- Mount Château Blanc Location within Alps

Highest point
- Elevation: 3,408 m (11,181 ft)
- Coordinates: 45°38′24″N 7°01′27″E﻿ / ﻿45.6400111°N 7.0241515°E

Geography
- Location: Aosta Valley, Italy

= Mount Château Blanc =

Mountain in Italy

Mount Château Blanc (Monte Château Blanc, Mont Château Blanc) is a 3,408 m tall mountain of the Graian Alps in northern Italy. Its summit lies on the boundary between the municipalities of La Thuile, Valgrisenche and Arvier in the Aosta Valley, Italy.

== Description ==
Mount Château Blanc stands along the ridge dividing the Rutor Valley in the west from the Valgrisenche to the east and which culminates at Testa del Rutor (3,486 m) to the south-west of the summit.

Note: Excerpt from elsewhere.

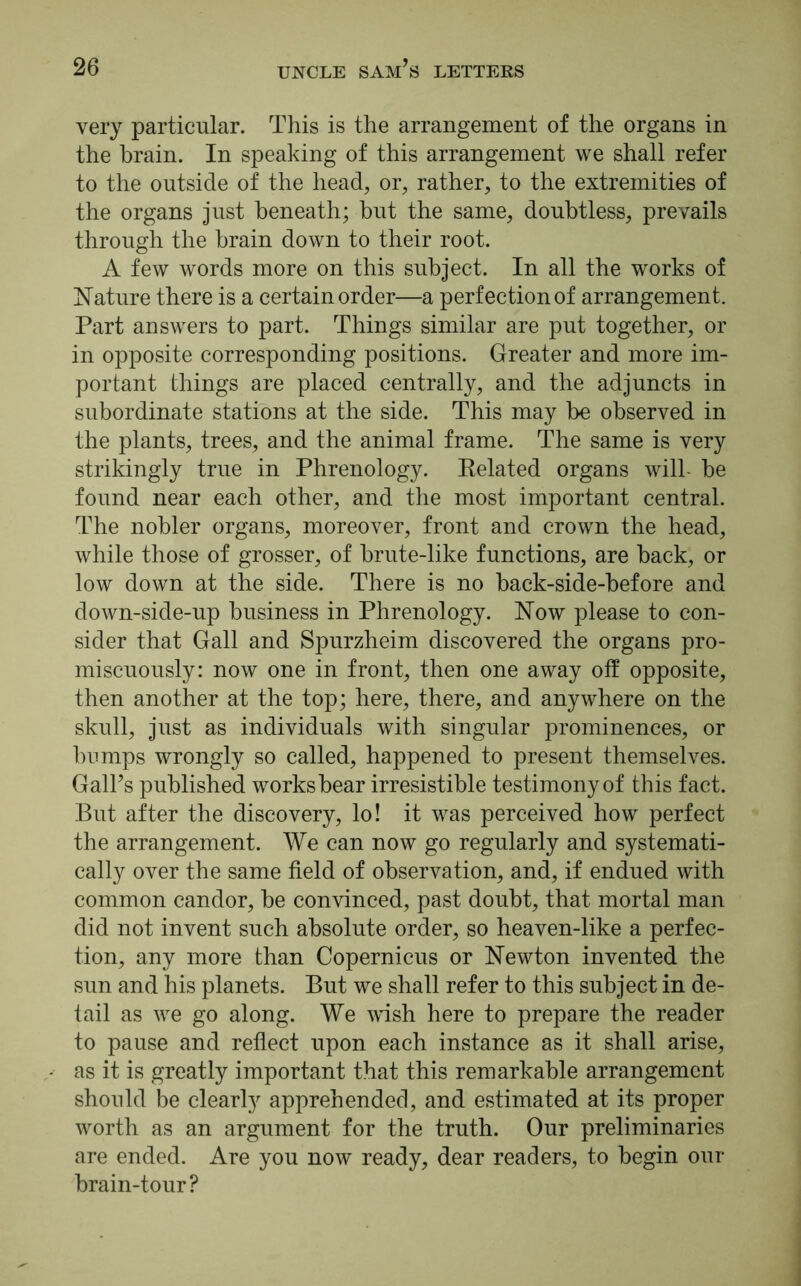 very particular. This is the arrangement of the organs in the brain. In speaking of this arrangement we shall refer to the outside of the head, or, rather, to the extremities of the organs just beneath; but the same, doubtless, prevails through the brain down to their root. A few words more on this subject. In all the works of Nature there is a certain order—a perfection of arrangement. Part answers to part. Things similar are put together, or in opposite corresponding positions. Greater and more im- portant things are placed centrally, and the adjuncts in subordinate stations at the side. This may be observed in the plants, trees, and the animal frame. The same is very strikingly true in Phrenology. Related organs will- be found near each other, and the most important central. The nobler organs, moreover, front and crown the head, while those of grosser, of brute-like functions, are back, or low down at the side. There is no back-side-before and down-side-up business in Phrenology. Now please to con- sider that Gall and Spurzheim discovered the organs pro- miscuously: now one in front, then one away off opposite, then another at the top; here, there, and anywhere on the skull, just as individuals with singular prominences, or bumps wrongly so called, happened to present themselves. Gall’s published works bear irresistible testimony of this fact. But after the discovery, lo! it was perceived how perfect the arrangement. We can now go regularly and systemati- cally over the same field of observation, and, if endued with common candor, be convinced, past doubt, that mortal man did not invent such absolute order, so heaven-like a perfec- tion, any more than Copernicus or Newton invented the sun and his planets. But we shall refer to this subject in de- tail as we go along. We wish here to prepare the reader to pause and reflect upon each instance as it shall arise, as it is greatly important that this remarkable arrangement should be clearly apprehended, and estimated at its proper worth as an argument for the truth. Our preliminaries are ended. Are you now ready, dear readers, to begin our brain-tour?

The mountain's eastern slopes, on the Valgrisenche side, are occupied by the Château Blanc Glacier, whereas the larger Rutor Glacier extends across its western flank in the Rutor Valley.

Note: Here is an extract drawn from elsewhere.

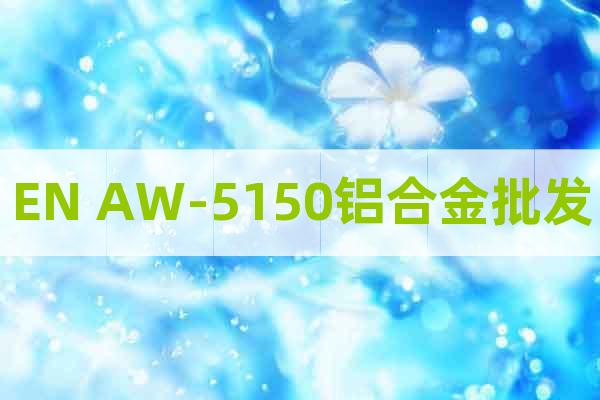 EN AW-5150鋁合金批發(fā)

== SOIUSA classification ==
According to the SOIUSA (International Standardized Mountain Subdivision of the Alps) the mountain can be classified in the following way:
- main part = Western Alps
- major sector = North Western Alps
- section = Graian Alps
- subsection = Alpi della Grande Sassière e del Rutor
- supergroup = Catena Rutor-Léchaud
- group = Gruppo del Rutor
- subgroup = Nodo del Rutor

== Ascent ==
The summit is most commonly reached from Planaval at the entrance to the Valgrisenche. The ascent is a popular ski mountaineering route.